## Exercise objective
Everything in the listing below needs restating exactly, apart from the pictures.

## Input data
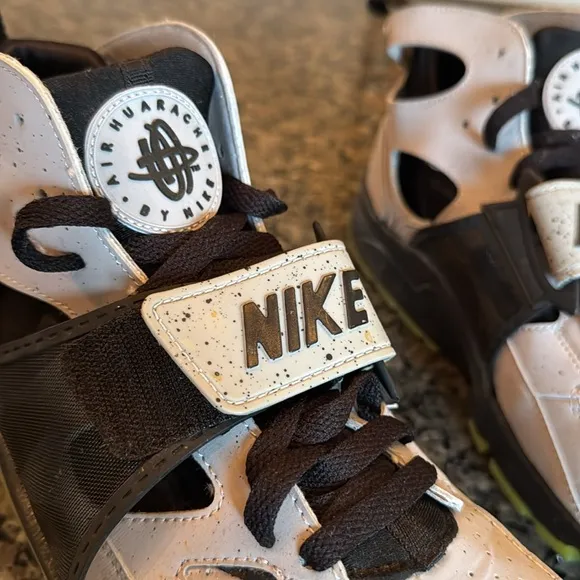 Nike air trainer huarache premium 647591 Shoes - Black and Yellow EUC 10.5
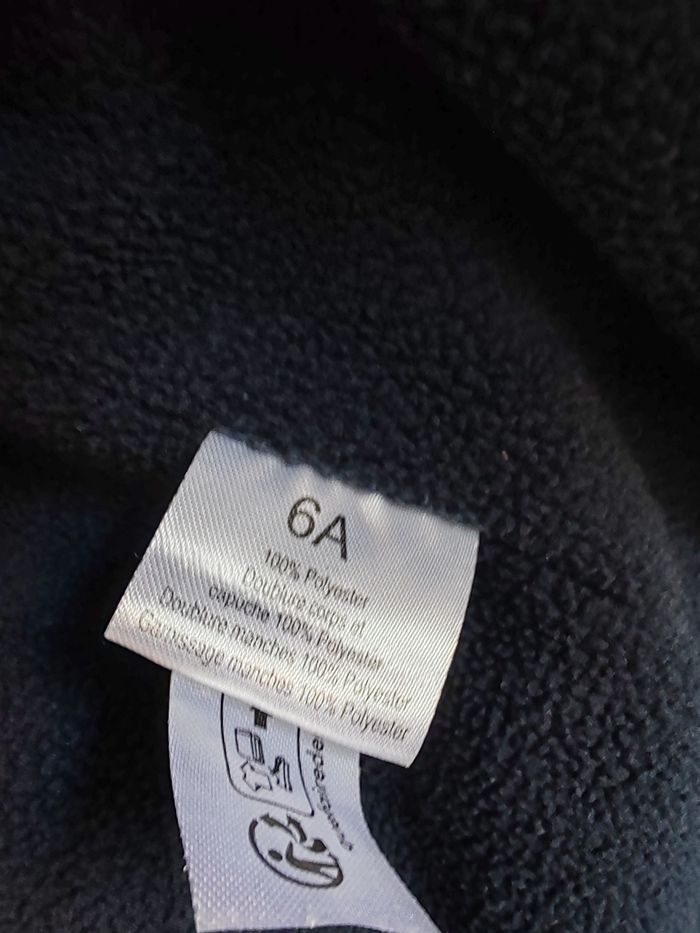 Veste blanche et bleue 6 ans - photo numéro 4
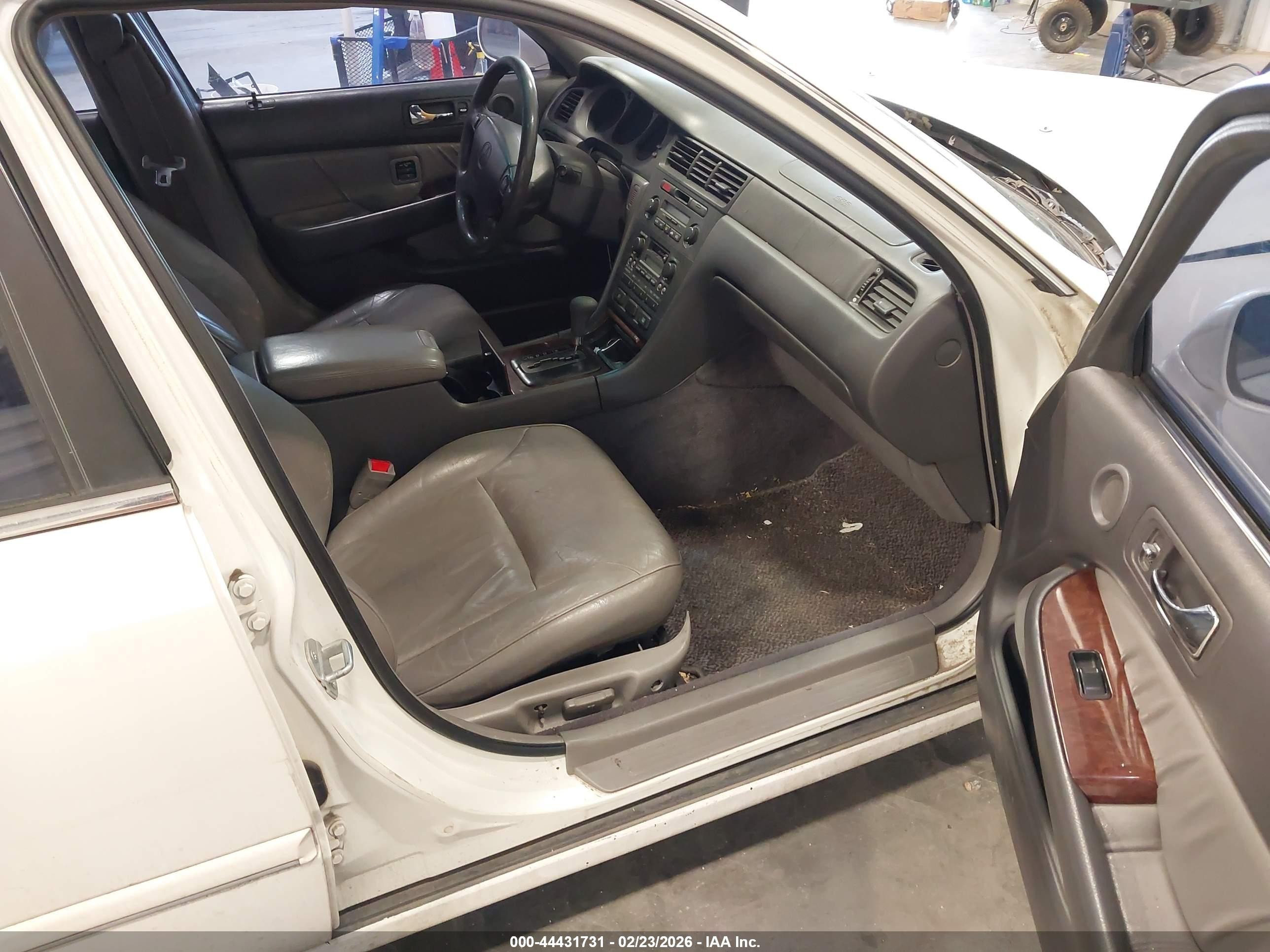 1997 Acura Rl 3.5 White vin: JH4KA9645VC008085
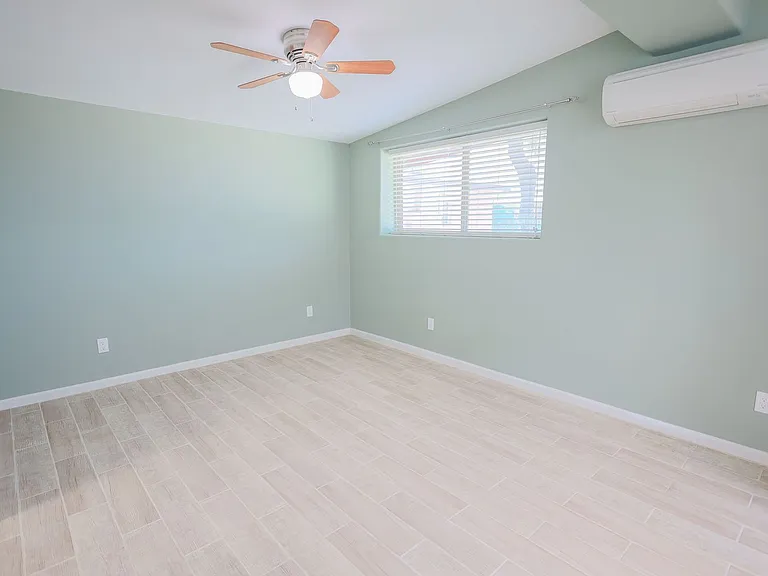 1421 N. Louis Ave — Photo 12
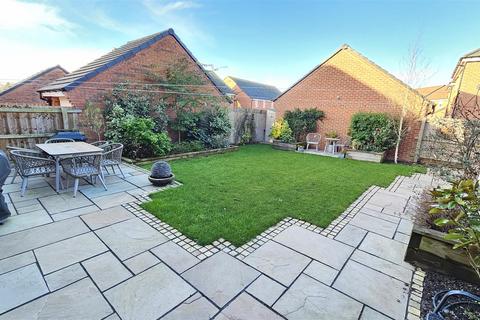 4 bedroom detached house for sale, Palmer Avenue, Bottesford, Leicestershire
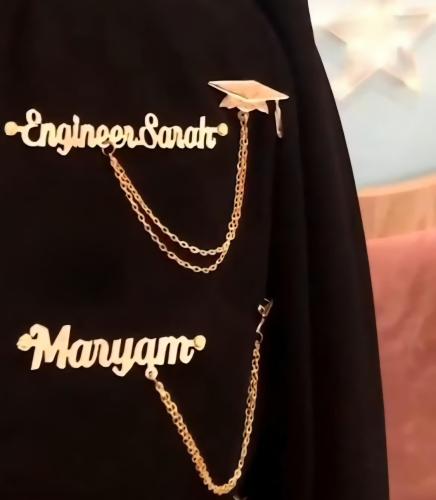 *هدايا تخرج**بروش تخرج مطلي بالذهب*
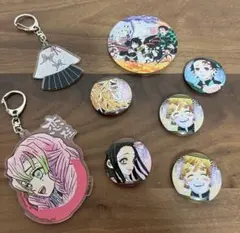 鬼滅の刃 アクリルキーホルダー＆缶バッジセット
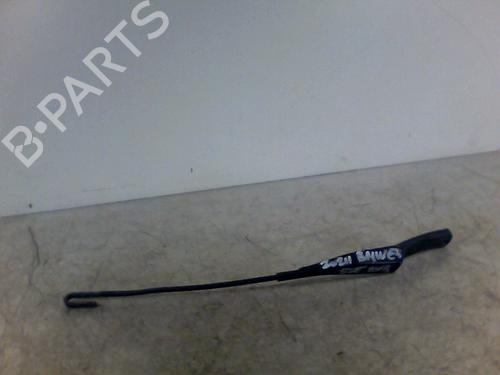 Used Front windshield wiper arm BMW 5 Touring (E34) 525 tds (143 hp) 26071067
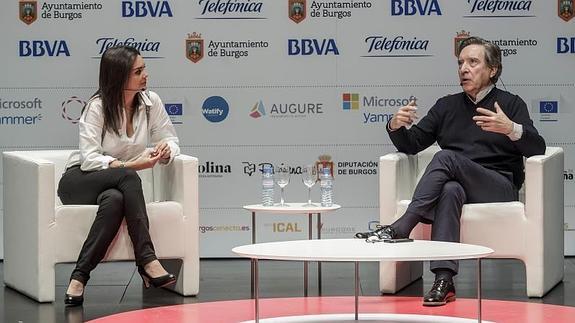 Mónica Carrillo e Iñaki Gabilondo durante el congreso iRedes en Burgos. 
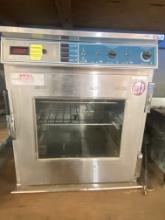 ALTO-SHAAM Cook - Hold & Smoke - Commercial Alto-Shaam Smoker - This unit is 120 Volts standard AC -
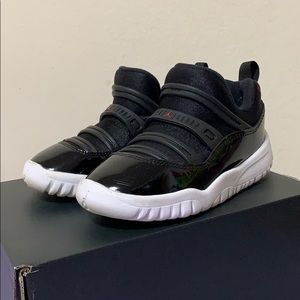 Jordan 11 Little kids black/gym red-white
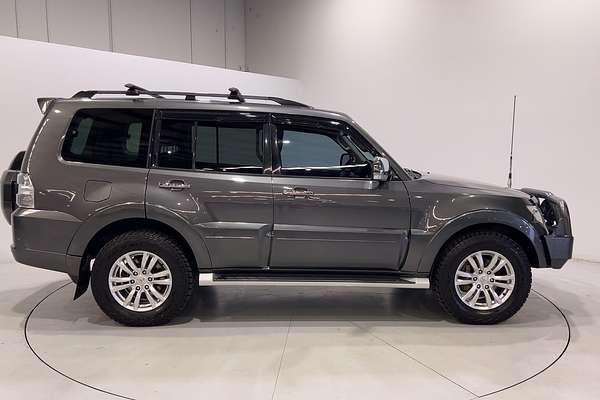 2015 Mitsubishi Pajero GLS NX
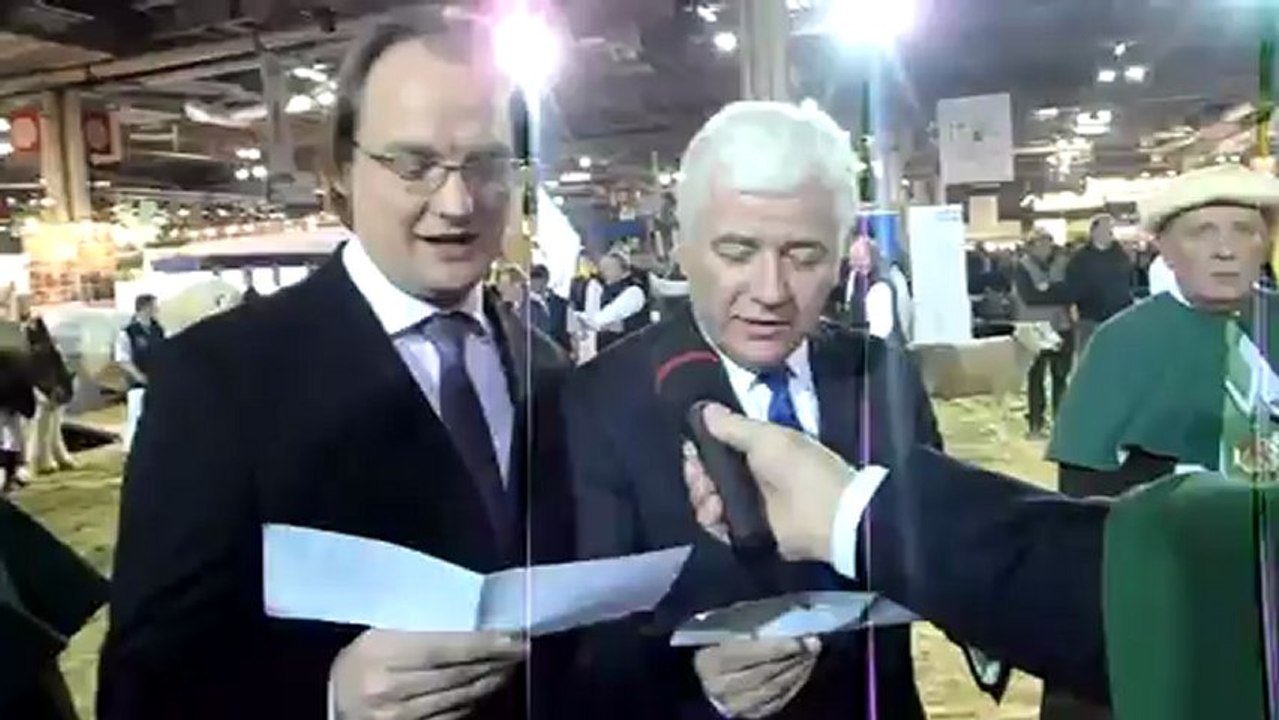 Mon intronisation avec M Wulfran DESPICHT, Vice-Président du Conseil régional Nord-Pas-de-Calais par la confrérie de Bergues et son Grand Maître M Paul LAMMIN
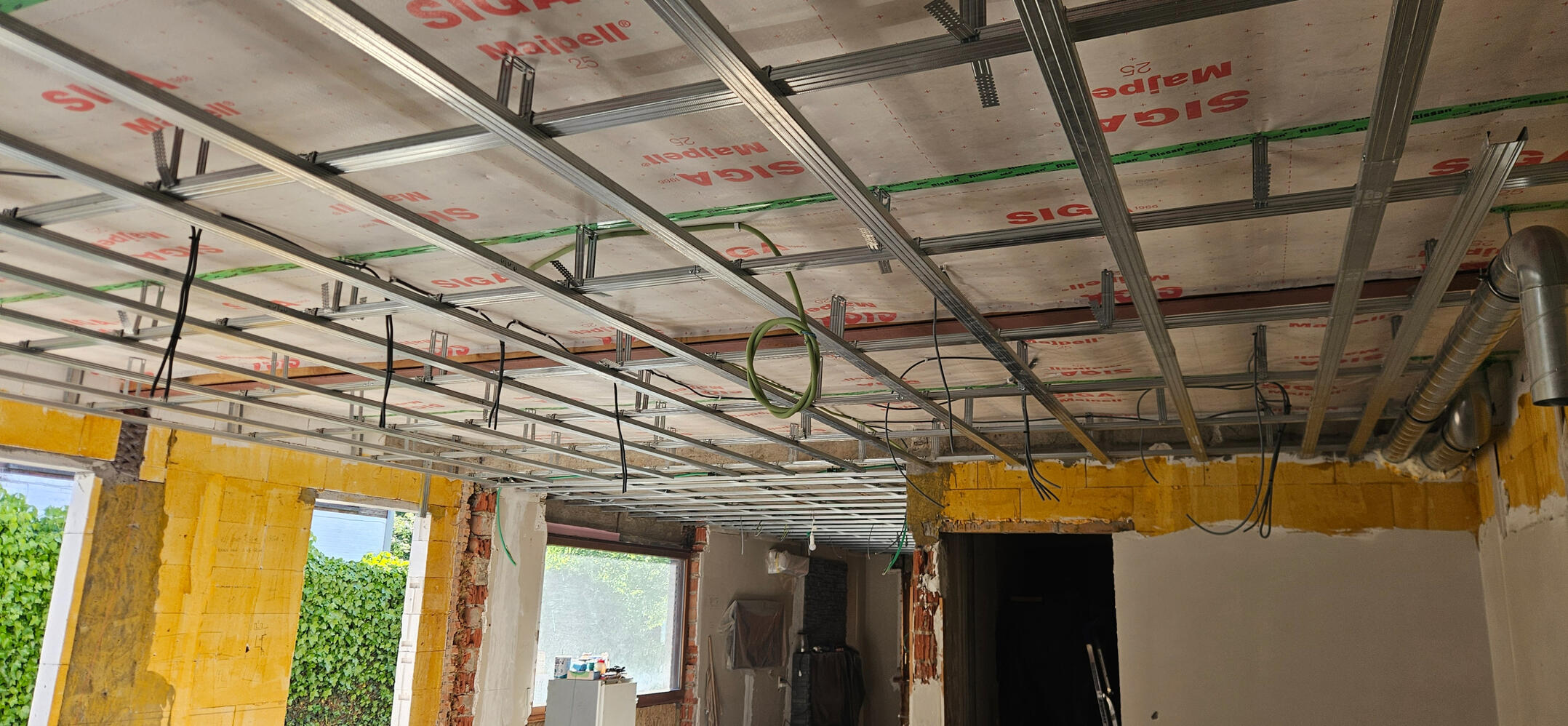 Metalen constructie (skelet) voor het verlaagd plafond Verlaagd plafond gyproc constructie Mariakerke Gent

## Task output
 Nike air trainer huarache premium 647591 Shoes - Black and Yellow EUC 10.5
 Veste blanche et bleue 6 ans - photo numéro 4
 1997 Acura Rl 3.5 White vin: JH4KA9645VC008085
 1421 N. Louis Ave — Photo 12
 4 bedroom detached house for sale, Palmer Avenue, Bottesford, Leicestershire
 *هدايا تخرج**بروش تخرج مطلي بالذهب*
 鬼滅の刃 アクリルキーホルダー＆缶バッジセット
 Used Front windshield wiper arm BMW 5 Touring (E34) 525 tds (143 hp) 26071067
 Mónica Carrillo e Iñaki Gabilondo durante el congreso iRedes en Burgos. 
 ALTO-SHAAM Cook - Hold & Smoke - Commercial Alto-Shaam Smoker - This unit is 120 Volts standard AC -
 Jordan 11 Little kids black/gym red-white
 2015 Mitsubishi Pajero GLS NX
 Mon intronisation avec M Wulfran DESPICHT, Vice-Président du Conseil régional Nord-Pas-de-Calais par la confrérie de Bergues et son Grand Maître M Paul LAMMIN
 Metalen constructie (skelet) voor het verlaagd plafond Verlaagd plafond gyproc constructie Mariakerke Gent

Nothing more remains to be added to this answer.